Diego Rivera işte tam anlamıyla bu oluşumların ortasında ele alınmalıdır. Onun yapıtları  olguların bir yansıması gibidir.

3

Kızılderili Savaşçılar / Indıan Warrıors mural, 1931

 

8.12.1886 ‘da Meksika, Guanajuato ‘da doğan Diego ikiz kardeşinin ölümünden bir yıl kadar sonra, daha üç yaşındayken çizim yapmaya başlamıştı. Ailesi her tarafı çizen bu küçük çocuğun duvara gerdikleri bir bez üzerine resim yapmasına izin verdi. Küçücük yaşlarda resim yapmaya başlayan Rivera ‘nın adı, ilk gençlik yaşlarında da bir çapkına çıkmıştı. Üç evliliği ve bir erkek üç kız çocuğu oldu. İçlerinde Frida Kahlo ile evliliği filmlere konu oldu…

Sanat eğitimine 1897 ‘de Academia de San Carlos eski Escuela Nacional de Bellas-ENBA ‘nda (Ulusal Güzel Sanatlar Okulu) başlayan sanatçı bir yıl sonra bir burs kazanarak 1907 ‘de sonraki yaşamının 14 yılını geçireceği Avrupa’ya gitti.
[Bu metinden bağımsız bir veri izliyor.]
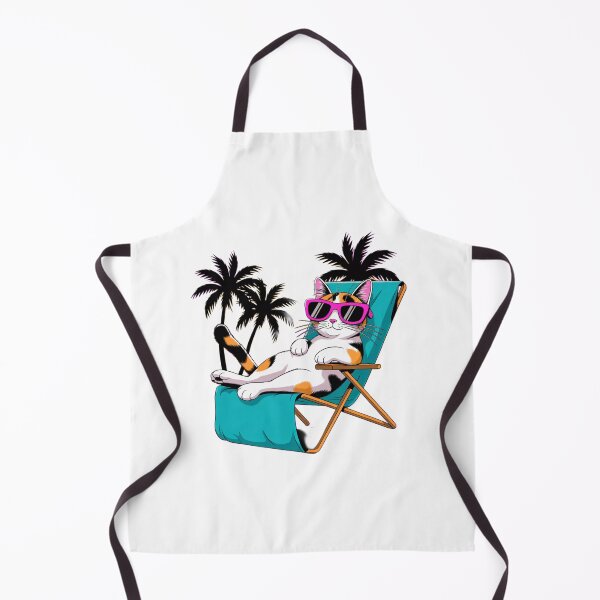 Item preview, Sassy Beach Cat designed and sold by InkWardrobe2023.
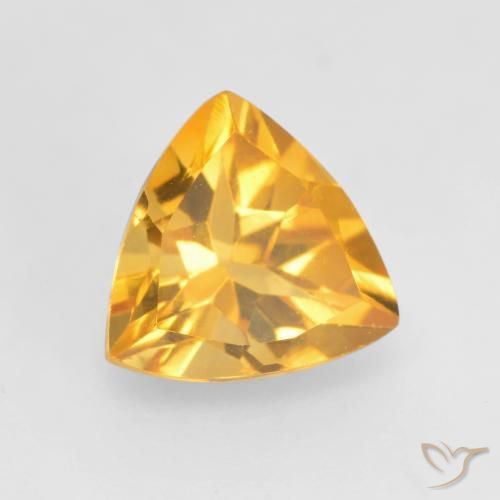 Citrine Orange Doré naturelle Trillion, 1.02 ct, VVS-VS
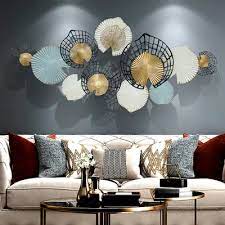 Modern Hollow Out Flowers Metal Wall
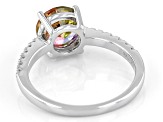 Multicolor Cubic Zirconia Rhodium Over Sterling Silver Ring 2.65ctw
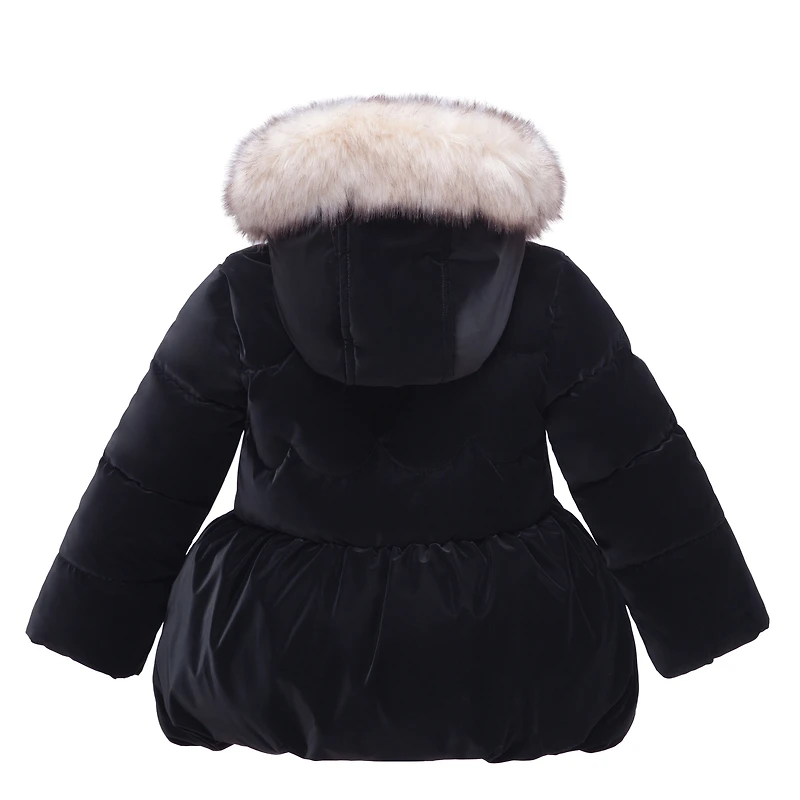 Rokka&Rolla Toddler Girls Quilted Mid-Length Jacket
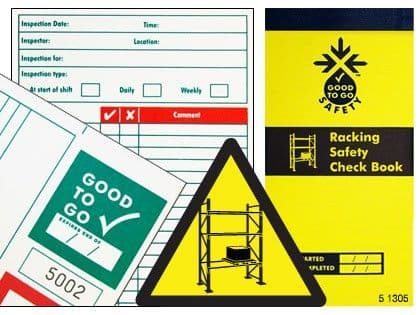 51305 Good to go safety racking check book  (H210xW100xD5mm) Safety Sign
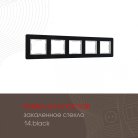 Рамка из закаленного стекла на 5 постов Arte Milano 503.14-5.black am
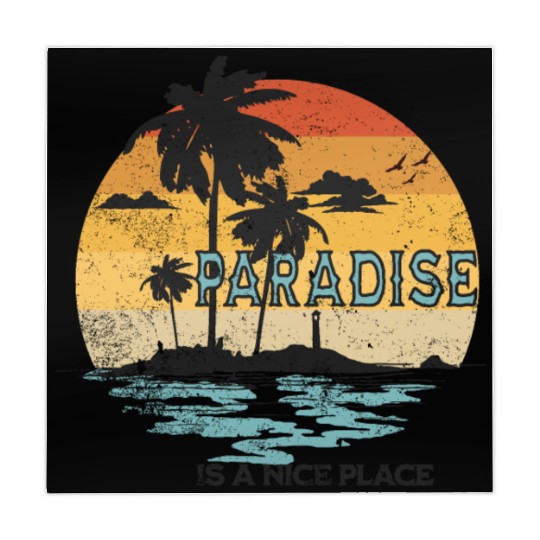 Paradise Is A Nice Place Summer Beach Vintage Mahjong Mats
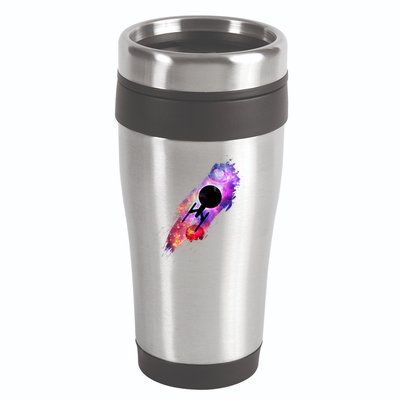 Scifi Space Ship Trekking Through Galaxy 16oz Travel Tumbler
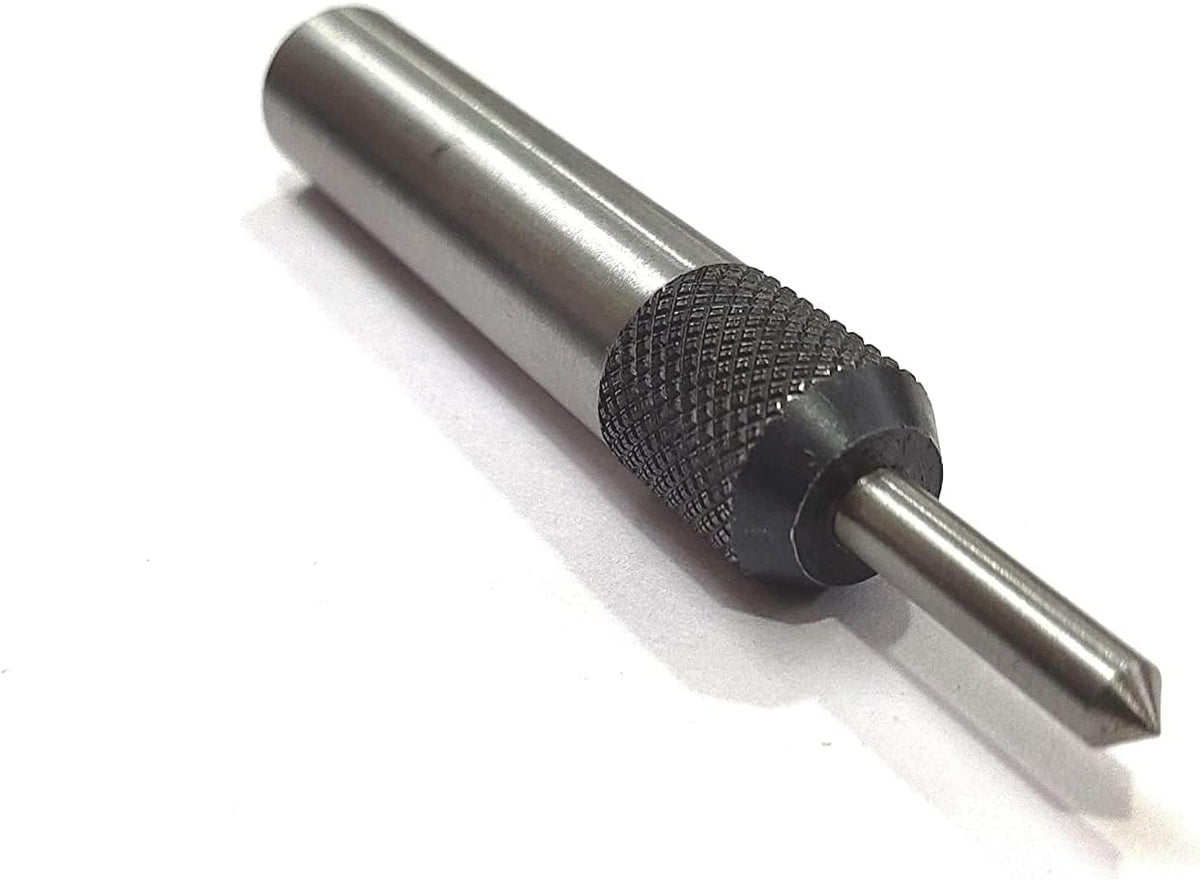 Steel spring-loaded tap guide tool with knurled grip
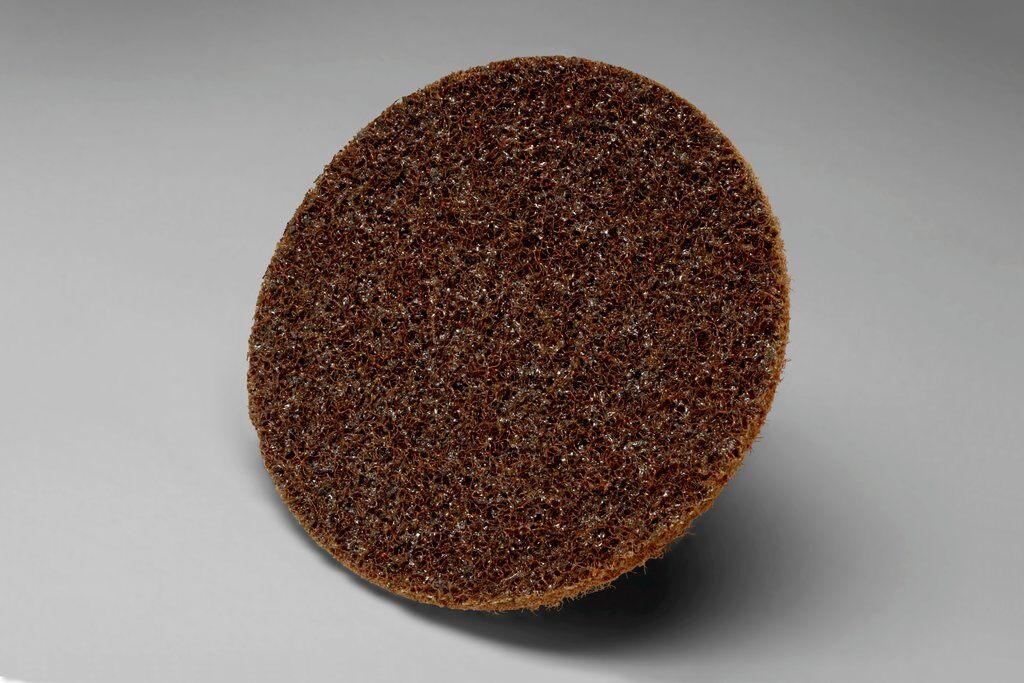 Scotch-Brite 7000000661 Surface Conditioning Disc, 4 in Dia Disc, Coarse Grade, Aluminum Oxide Abrasive, Paper Backing - Non-Woven Abrasive Hook & Loop Discs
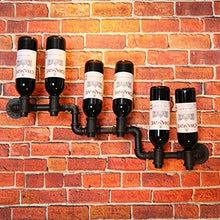 LHQ-HQ Wine Holder Wine Rack Ferro battuto a Parete Wine Rack Sicuro e Stabile Antiscivolo Holder Wine Rack Decorazione Domestica Vino Bagagli - 6 Bottiglie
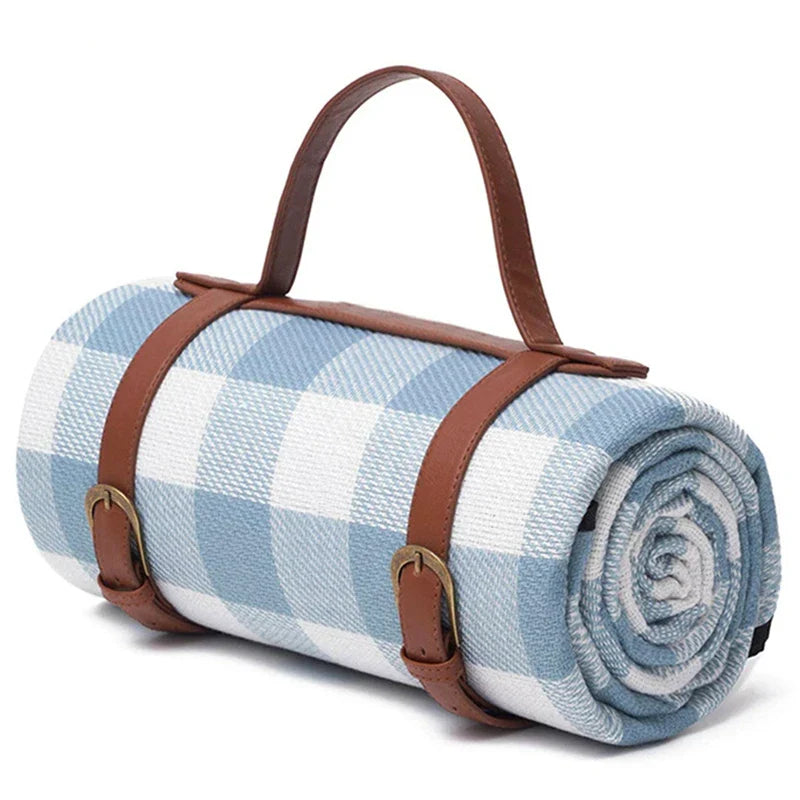Compact Picnic Blanket – Blue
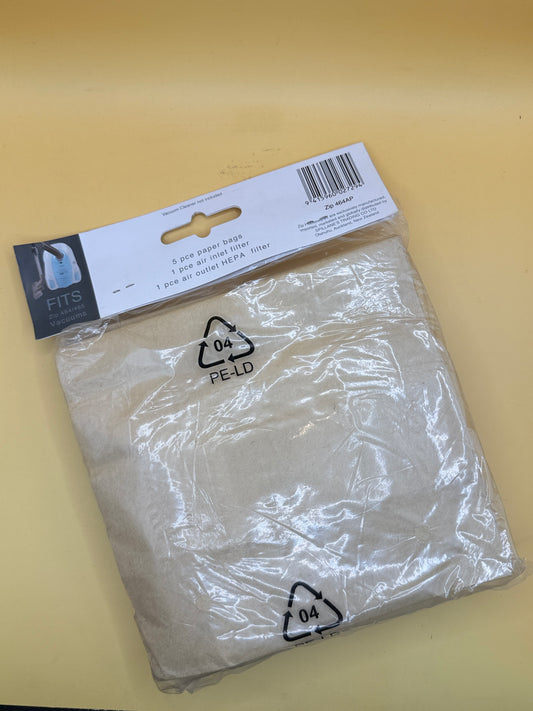 ZIP Vacuum Cleaner Accessory Filter Pack for Zip 464/465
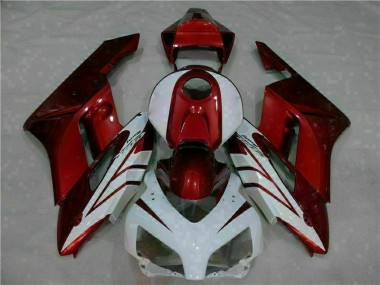 Best 2004-2005 White Red Honda CBR1000RR Bike Fairing Kit Canada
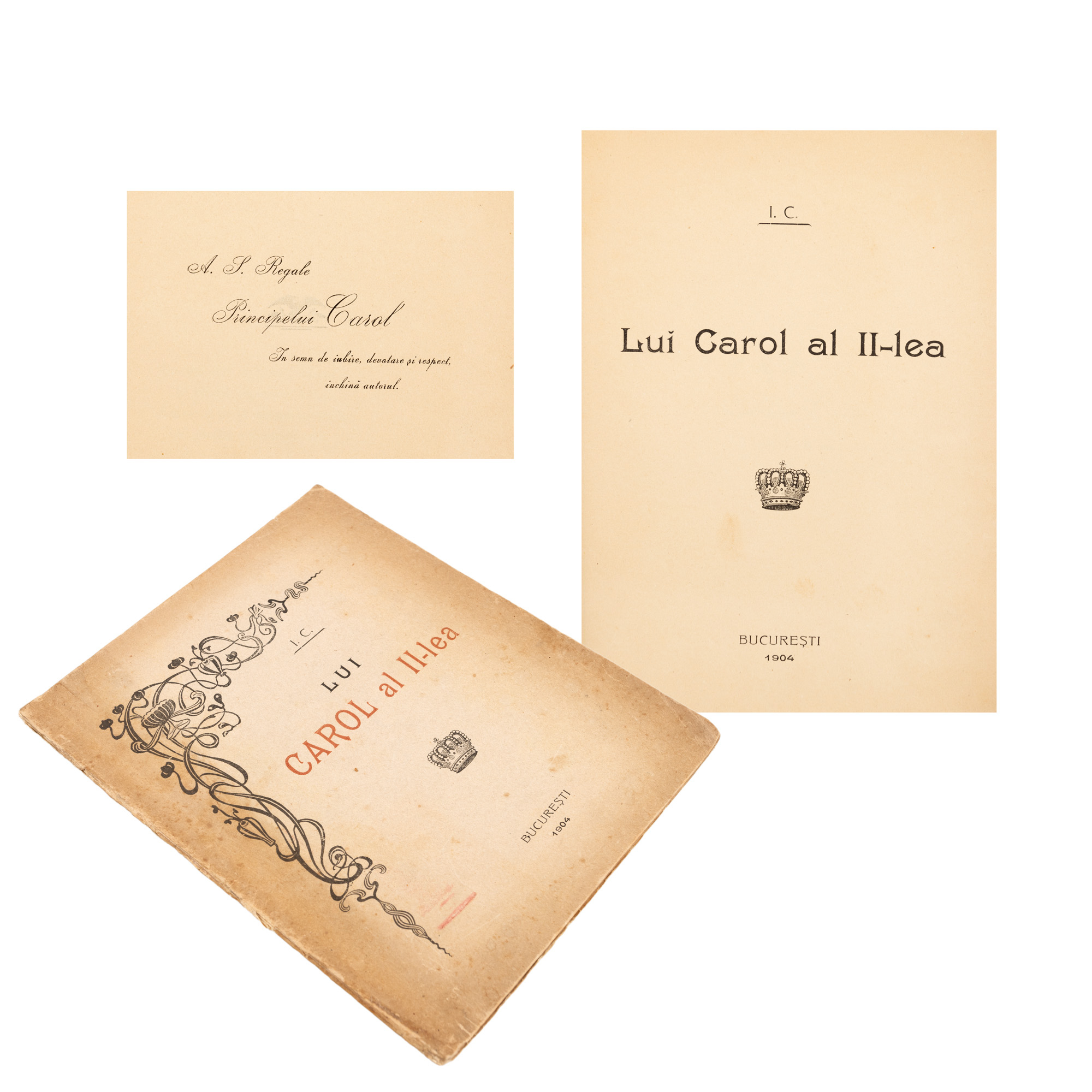 "To Carol II", by I.C., Bucharest, 1904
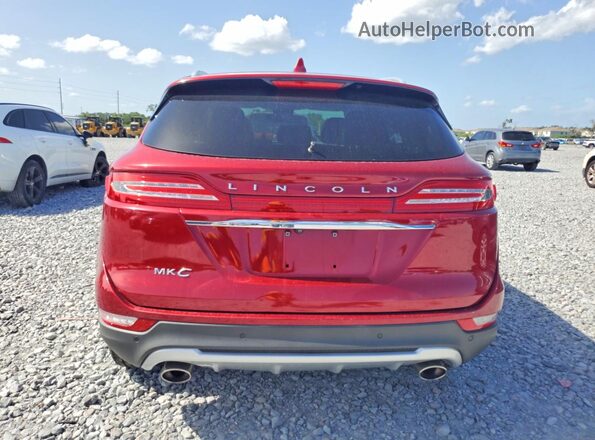 5LMCJ2C94KUL16585 2019 LINCOLN MKC Red Vista trasera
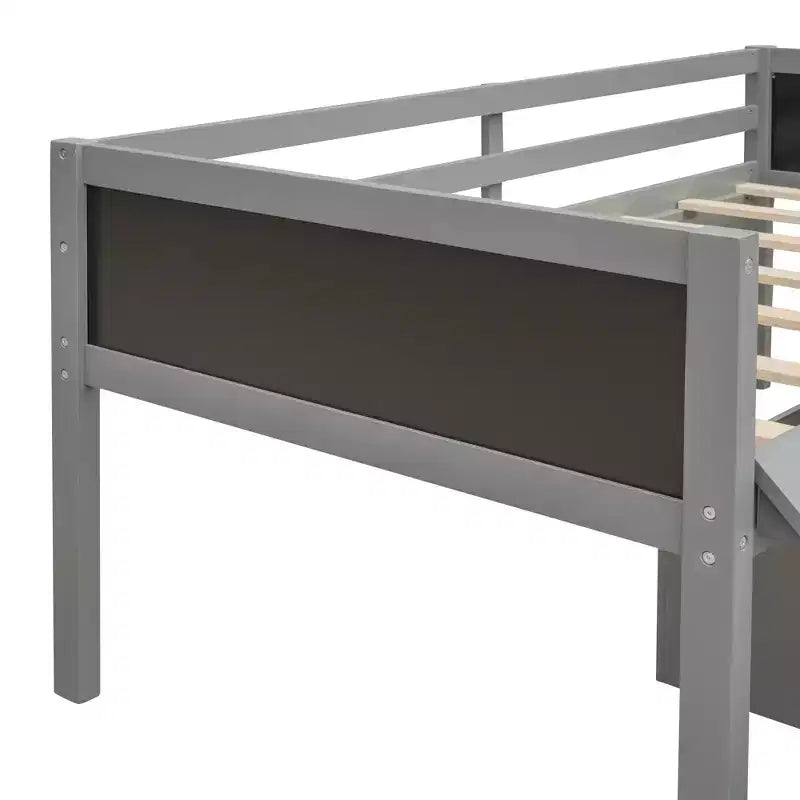 Whisen 78.5L x 79.2W Cama alta de tamaño individual con diseño moderno y dos cajas de almacenamiento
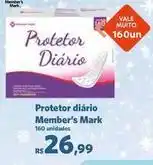 Sam's Club Vale - protetor diário oferta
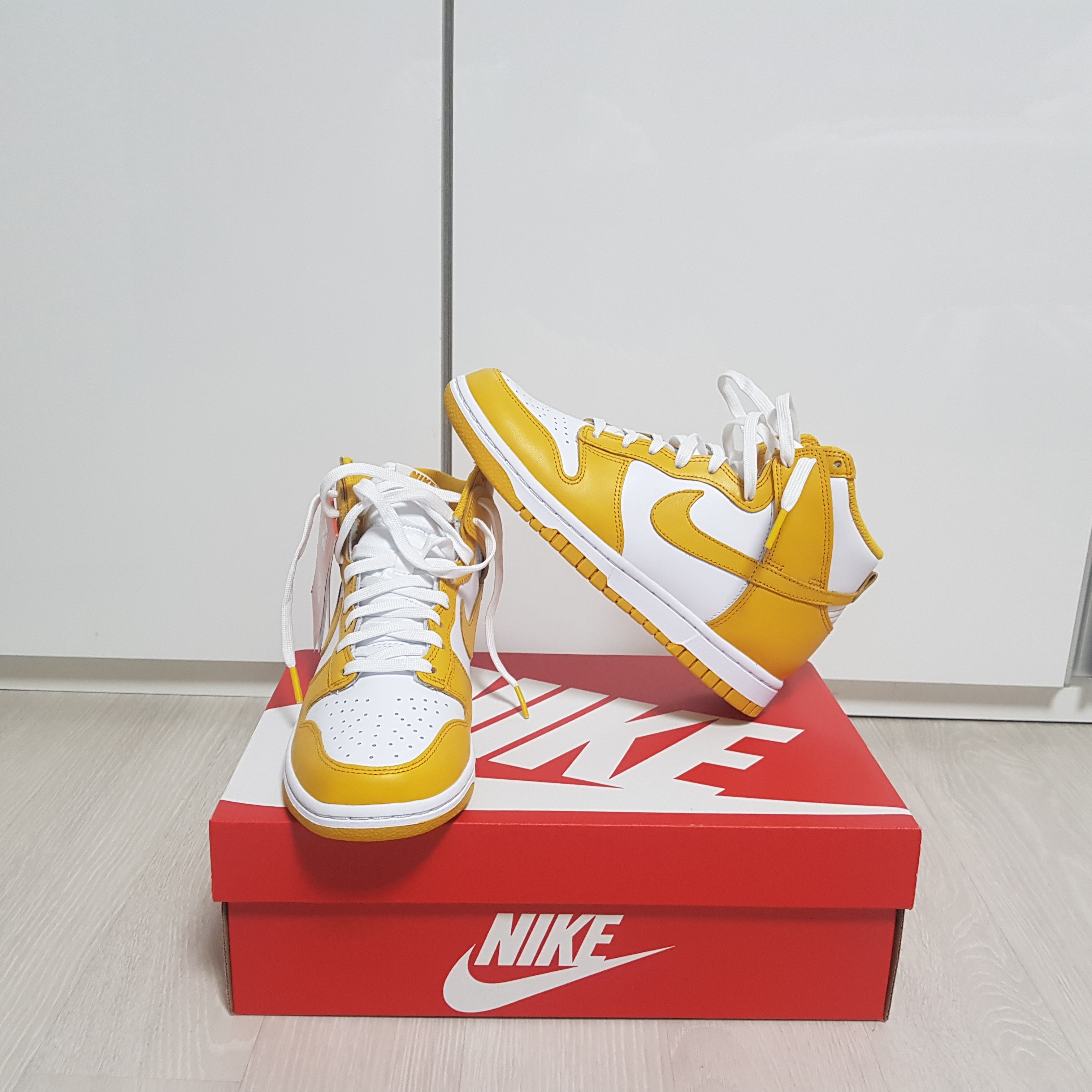 (W) Nike Dunk High Dark Sulfur 착용 스타일 - 2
Avrupa ‘da kaldığı yıllar boyunca, 10 yıldan daha fazla devam eden ve bir milyondan fazla Meksikalı ‘nın öldüğü Meksika Devrimi ‘ni de sürekli olarak takip etti.

İç savaşı takiben A. Obregón ‘un başkanlığı sırasında yazar A. Reyes ve A. Pani ‘yi Fransa ‘ya Meksika büyükelçisi olarak atadı. O sırada Paris ‘de olan Rivera, Devrim sonrası Meksika ‘nın yeni ulusal kültürünün tanıtımı için yapılan kampanyalarına katılma olanağı buldu. Meksika hükümetinin desteklediği bir bursla Rönesans sanatçılarının yapıtlarını incelemek üzere, İtalya ‘ya gönderildi. 1920 ‘nin kış aylarını çizimler yaparak, fresk malzeme ve tekniklerini inceleyerek geçirdi.

4

Tarım İşçileri mural, 1931

1921’de Vasconcelos Eğitim Bakanı olunca, devlet destekli sanat programı çerçevesinde birçok kamu binasını Meksikalı sanatçıların yaptığı resimler ile donattı. Bunlar devrimin ruhunun, fikirlerinin ve toplumsal kalkınmanın anlatıldığı büyük ölçekli mural resimlerdi. Rivera 1928 ‘de bu kapsamda amacının “Meksika ‘nın sosyal yaşamını yansıtmak ve geleceği yaratacak olan kitlelere gerçekleri göstermek” olduğunu söylediği “Patio del Trabajo–Emeğin Avlusu” ve “Patio de las Fiestas-Bayramların Avlusu” resimlerini yaptı.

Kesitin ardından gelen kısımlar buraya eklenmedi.